Oui, bien sûr, l’Europe et sa cohorte de lois ultra-libérales suscitées par une activité intense des lobbys de toutes sortes, avait bien préparé le terrain de la privatisation du rail, même si, bien entendu, la France aurait pu solliciter une exception pour son réseau ferré qui est tout de même un des meilleurs au monde. Mais cette privatisation arrangeait trop les affaires de la classe dirigeante et ce pour plusieurs raisons.

Il convenait, dans un premier temps de briser ce bastion de la résistance syndicale et ouvrière que représente la SNCF. Et cela fait bien trente ans que le pouvoir se cassait les dents dessus, car le ferroviaire est un milieu fermé, avec des métiers spécifiques uniquement obtenus par la formation interne, et une hiérarchie issue uniquement de la promotion interne également, ce qui a perduré pendant des décennies, puisqu’il vaut mieux connaitre le métier quand on dirige une équipe ou un secteur. Cette configuration était un frein important à « l’évolution » libérale du secteur.

Bien sûr, l’idéologie libérale est profondément anti-service public, puisque par nature, ce dernier n’ayant pas vocation à faire du profit, est forcément une anomalie. Il était donc urgent, pour un chantre du capitalisme comme Macron, de remettre les choses dans l’ordre naturel et que les lignes rentables fassent un profit qui ne soit pas utilisé pour financer des lignes non rentables, mais aille dans la poche des premiers de cordée, qui ne manqueront pas de se positionner sur les lignes qui rapportent.

La 3ème bande, l’opération immobilière

Mais, évidemment, le bénéfice escompté ne s’arrête pas là. Gardons à l’esprit que la SNCF a longtemps été le premier propriétaire foncier de France (devant l’armée), par les surfaces des voies de circulation bien sûr, mais aussi par les bâtiments, terrains industriels et appartements cheminots, cédés petit à petit aux bailleurs privés depuis 30 ans à la demande des gouvernements.

La SNCF a abandonné cette richesse foncière et se retrouve aujourd’hui dans l’obligation de louer régulièrement des surfaces pour des réunions, forums et autres, notamment parce qu’elle loue ces surfaces.

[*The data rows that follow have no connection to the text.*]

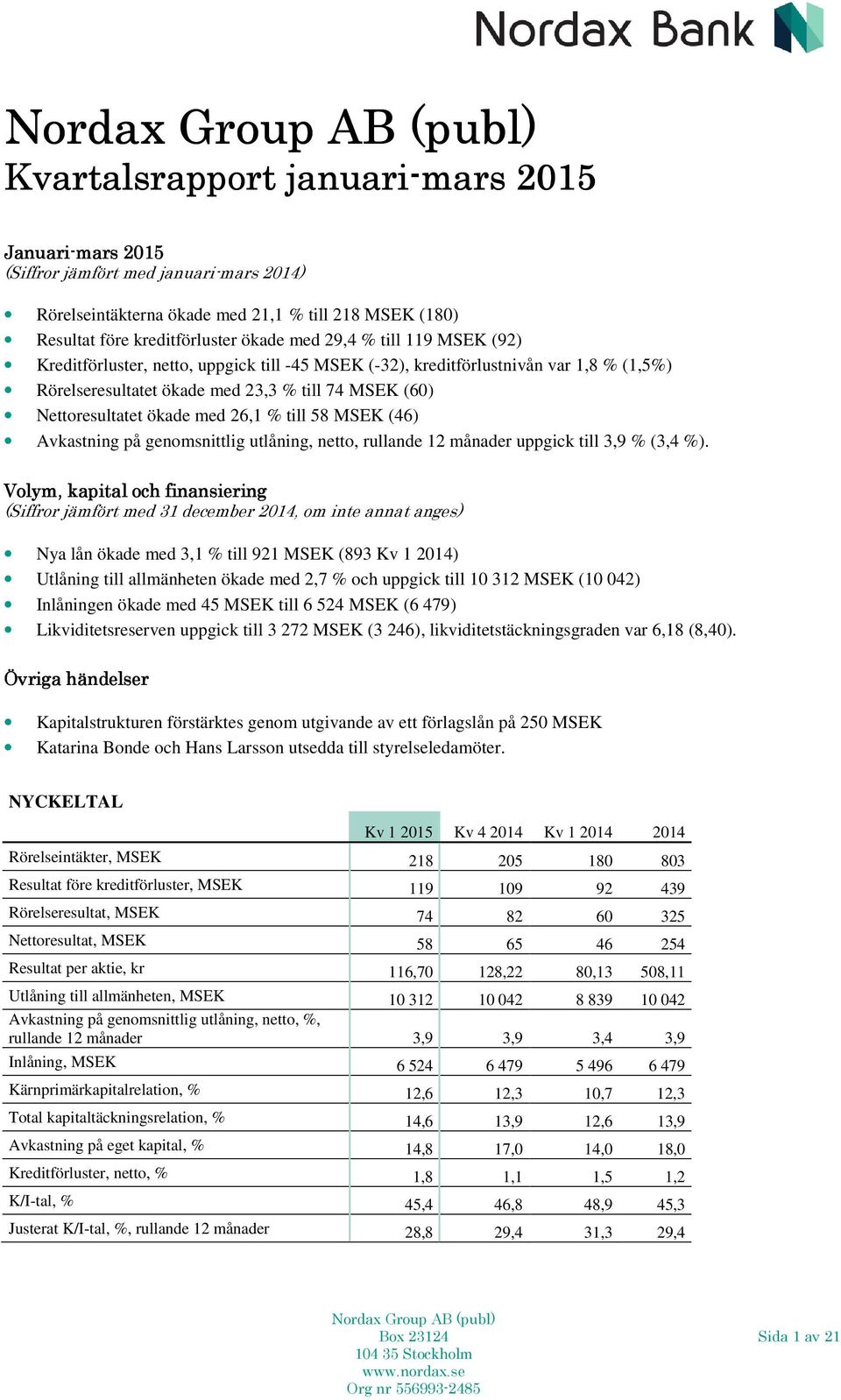 med 26,1 % till 58 MSEK (46) Avkastning på genomsnittlig utlåning, netto, rullande 12 månader uppgick till 3,9 % (3,4 %).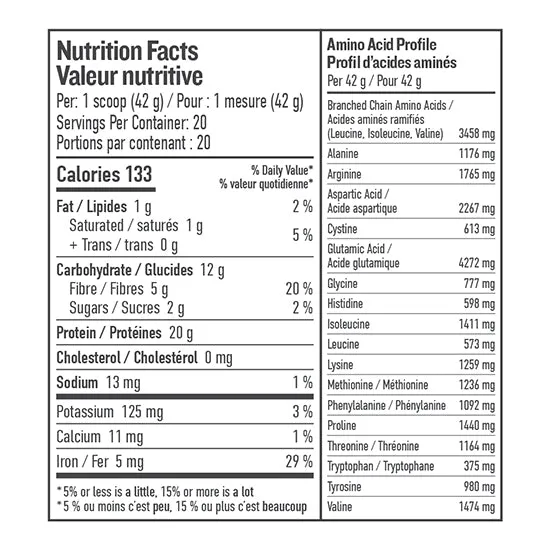 Botanica Perfect Protein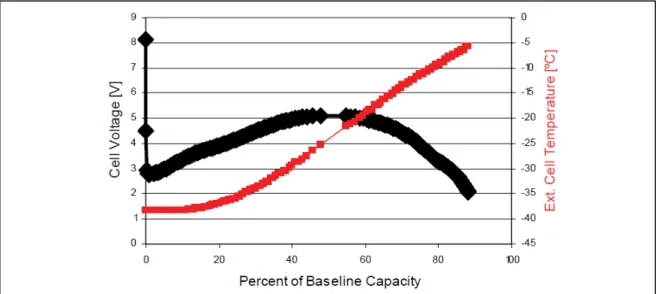 Figure 1-6 Discharge curve of two cells in series at –40°C and 1000A (200C). The black  curve is voltage and the red curve is exterior cell temperature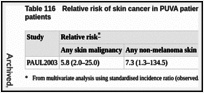 Table 116. Relative risk of skin cancer in PUVA patients compared with non-PUVA-treated patients.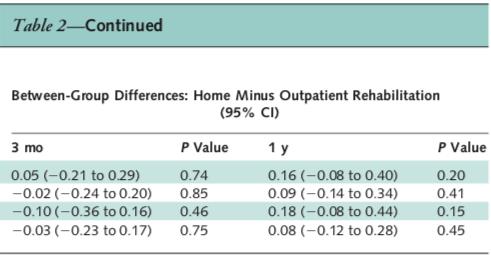 in Patients with Chronic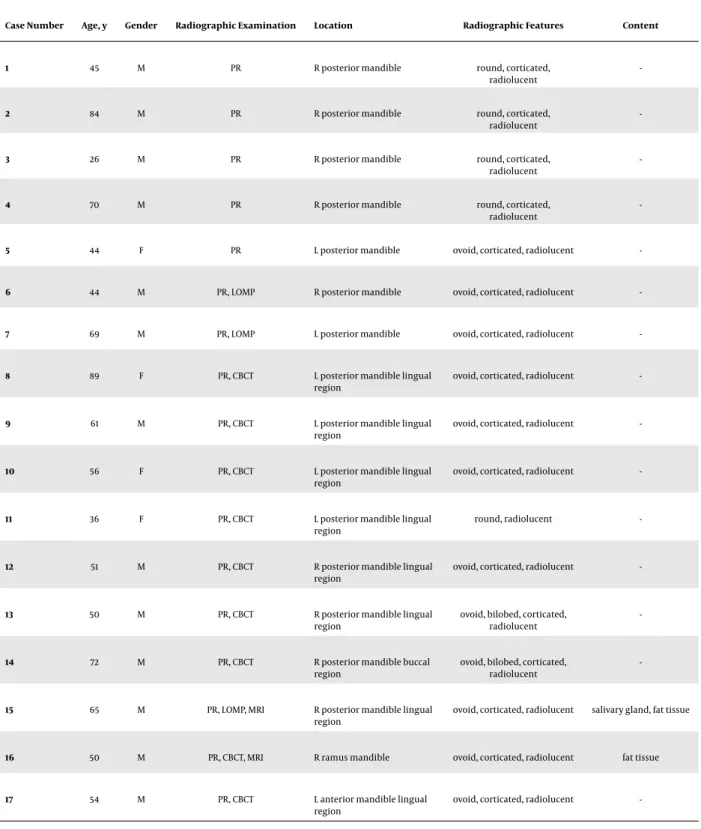 Table 1. Characteristic Features of the Patients and Radiographic Features of the Lesions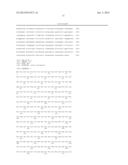 TREATING NEUROLOGICAL DISEASE OR INJURY WITH A DYNAMIN-RELATED PROTEIN 1     (DRP1) ENCODING NUCLEIC ACID diagram and image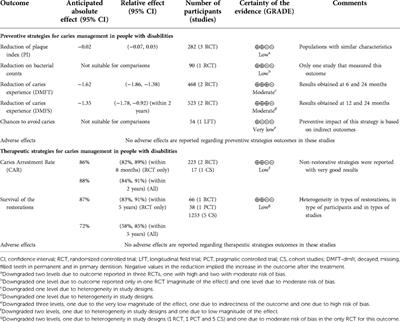Management of dental caries lesions in patients with disabilities: Update of a systematic review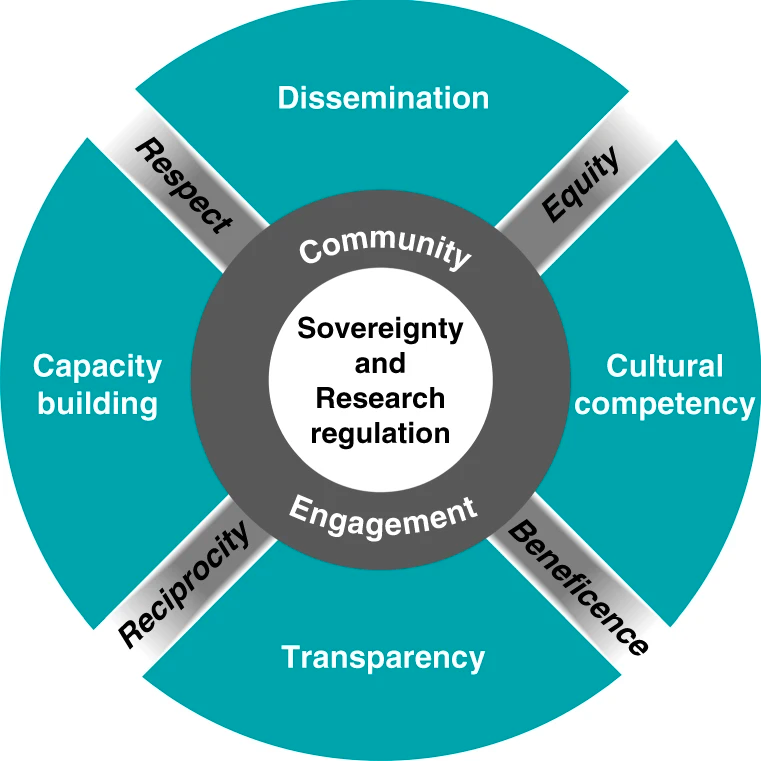 Fig. 1 from A Framework for Enhancing Ethical Genomic Research with Indigenous Communities (KG Claw et al 2018)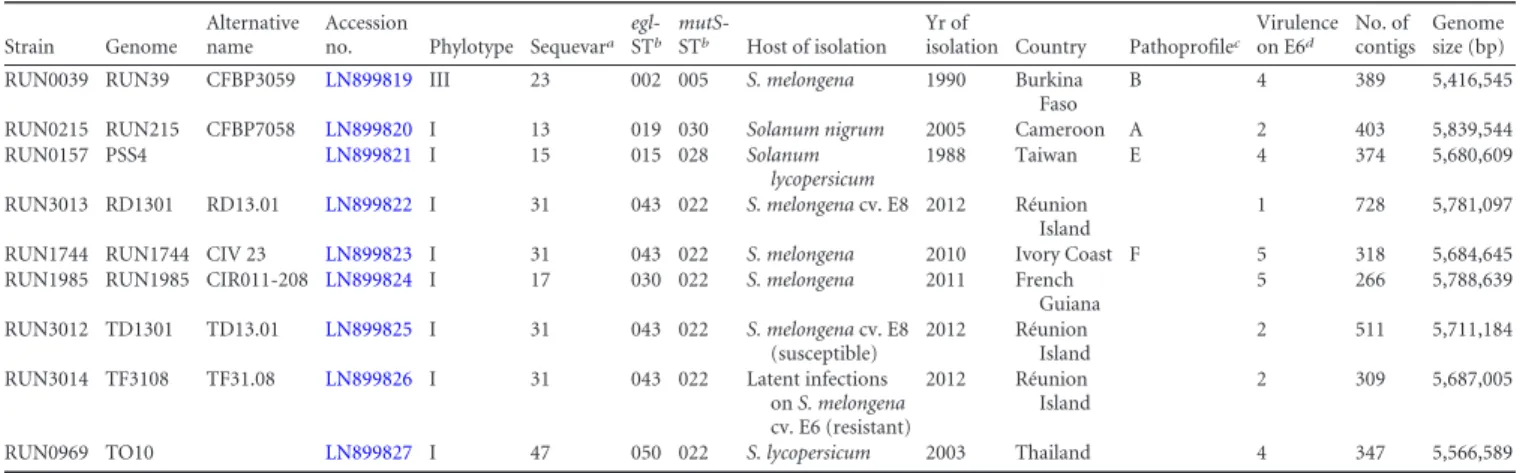 TABLE 1 Characteristics of the nine R. solanacearum strains Strain Genome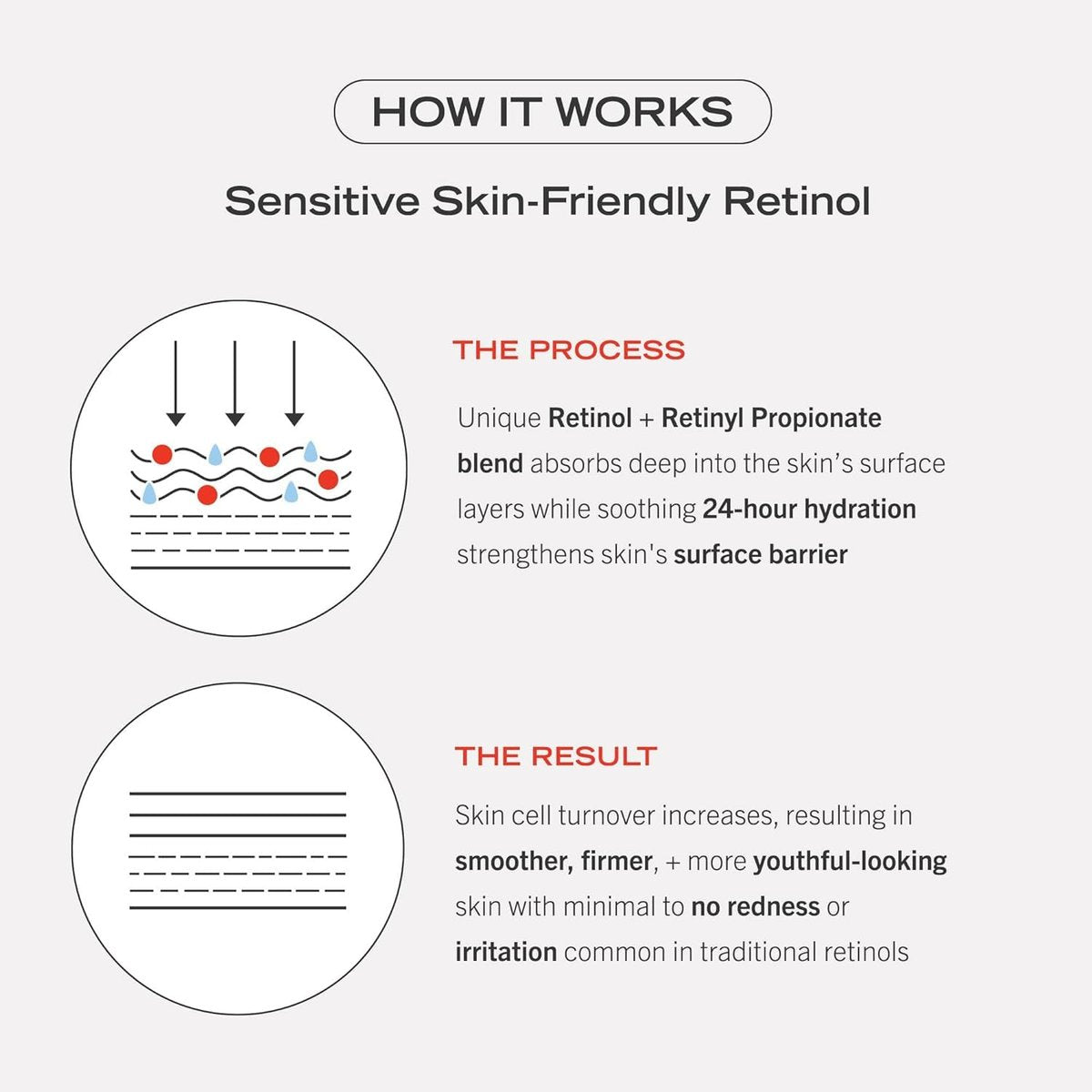 First Aid Beauty 0.3% Retinol Complex Serum with Peptides - Sensitive Skin Retinol for Lines & Wrinkles, Non-Comedogenic, 1 oz Avelisse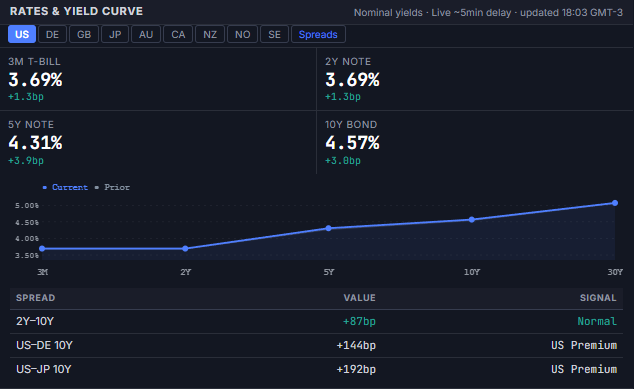 Rates & Yield Curve panel, US tab, showing the 3M/2Y/5Y/10Y rate cells, the yield curve chart with all five tenors plotted, and the 2Y-10Y, US-DE, and US-JP spread table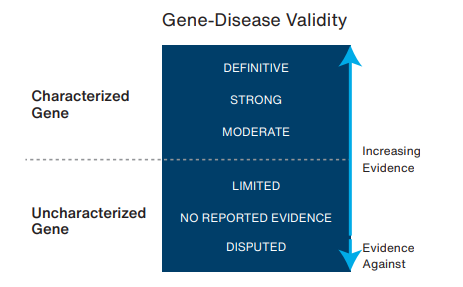 Graphic showing the clinical validity of gene-disease associations with characterized genes having increased evidence over candidate genes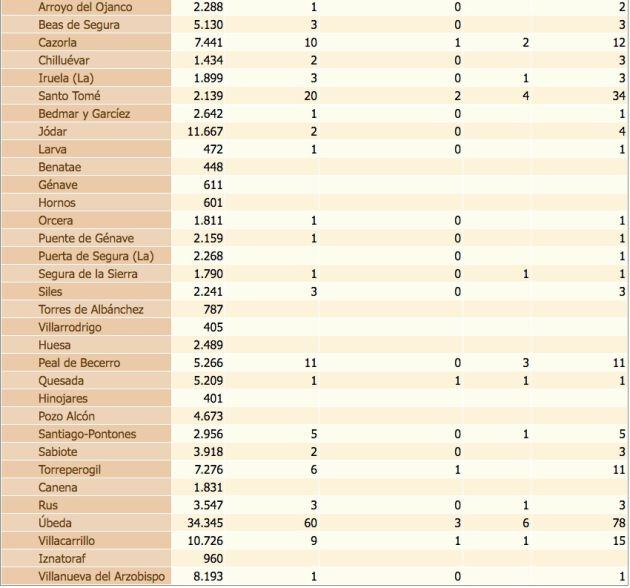 Estado del coronavirus por localidades de la provincia de Jaén. De izquierda a derecha, población de cada municipio, confirmados con PCR, confirmados con PCR en las últimas dos semanas, defunciones, confirmados en los últimos 14 días y, por último, total de confirmados.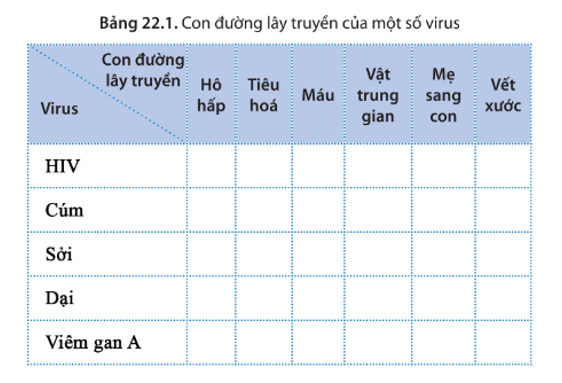 Hãy cho biết con đường lây truyền của virus HIV, cúm, sởi, dại, viêm gan A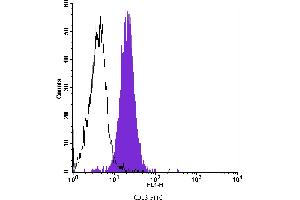 Flow Cytometry (FACS) image for anti-Alanyl (Membrane) Aminopeptidase (ANPEP) antibody (FITC) (ABIN2144501) (CD13 antibody  (FITC))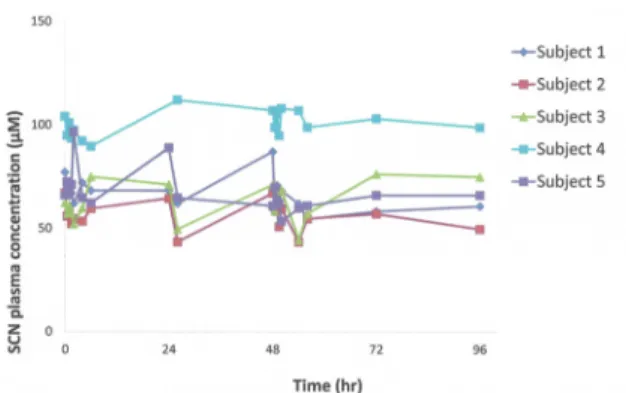 Figure 2. Data from patients treated with GDC-0425 show that post- post-dose thiocyanate levels were comparable to baseline (pre-post-dose)  lev-els*.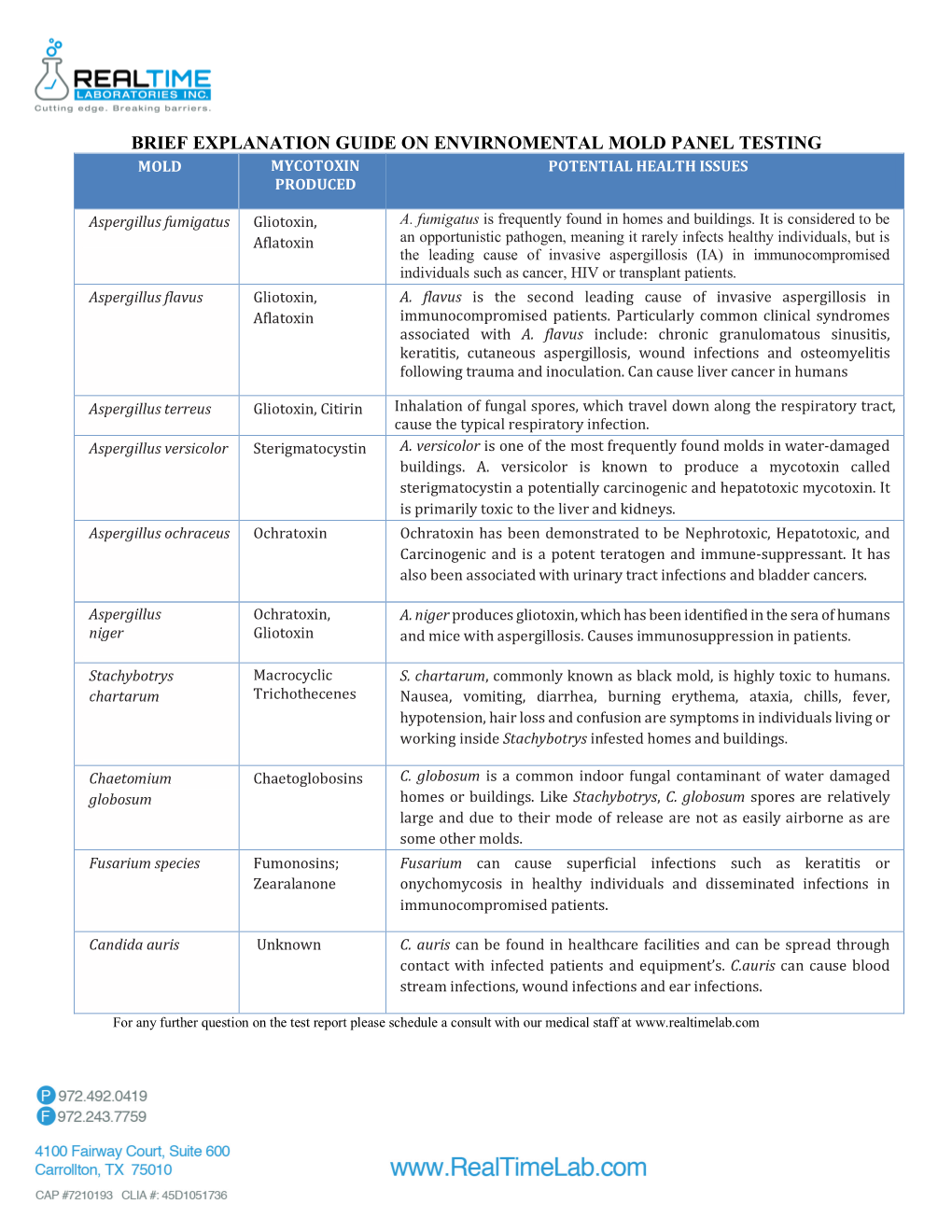 Brief Explanation Guide on Envirnomental Mold Panel Testing Mold Mycotoxin Potential Health Issues Produced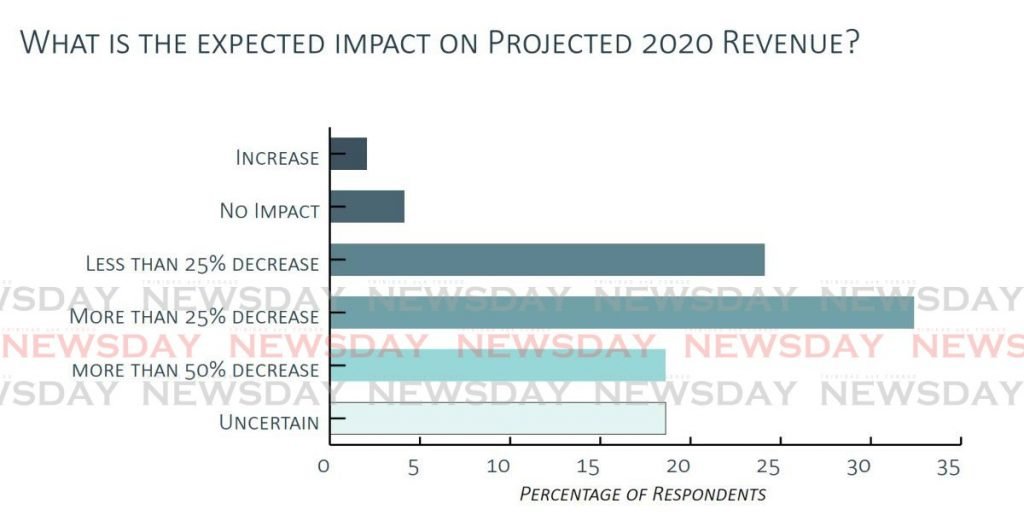 This chart, presented as part of a report done by HRC Associates for the TT Chamber of Industry and Commerce entitled Covid19: CEO Concerns and Expectations, shows how companies that participated in the survey felt covid19 and measures implemented by regional governments to respond to the virus will impact on their 2020 revenues. - IMAGE FROM HRC ASSOCIATES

Mais certaines surfaces sont encore d’un intérêt majeur en termes de profit et la loi de réforme du ferroviaire contenait une petite douceur pour les amis du Président à ce sujet : l’indépendance décisionnelle, organisationnelle et financière de « Gares et Connexions » (G&C). G&C a été créée pour gérer les bâtiments et a d’abord été une entité interne à l’entreprise, puis il a été question de filialiser, et finalement, le choix retenu est de créer une Société Anonyme (SA). Au 1er janvier 2020, 5 SA seront créées : la direction nationale, Fret, Mobilités, Réseau et G&C. Et c’est chez G&C que se cache le pognon !

Le fruit d’une intense cogitation pour récupérer le magot !

Il fallait donc déjà définir un type de structure capable de gérer au mieux (financièrement parlant) ce juteux patrimoine. Et, à la manière de RFF (entité propriétaire du réseau, créée en 1997) qui possède les voies et fait payer un « péage » à la SNCF et toute entreprise qui veut faire circuler des trains, la SNCF a créé l’entité G&C propriétaire des bâtiments et responsable du fonctionnement des installations (ascenseurs, escaliers roulants principalement) et à laquelle SNCF Mobilités paye un loyer pour occuper les gares.

Puis, des essais ont été menés et le plus connu est la gare Saint-Lazare. La transformation de cette grande gare parisienne (2ème gare d’Europe avec 500 000 voyageurs/jour) en centre commercial est une telle réussite que les loyers des commerces ont été réévalués à la hausse au bout d’un an seulement et que depuis, l’entreprise rogne en permanence sur les surfaces allouées à SNCF Mobilités, préférant des locataires qui rapportent plus, des commerces. Un centre commercial ultra juteux qui, de surcroît profitait déjà plus aux entreprises privées qu’à G&C puisque l’opération s’était faite avec un Partenariat Public Privé qui cédait pour 40 ans la gestion du centre à un consortium Spie Batignolles-Klépierre.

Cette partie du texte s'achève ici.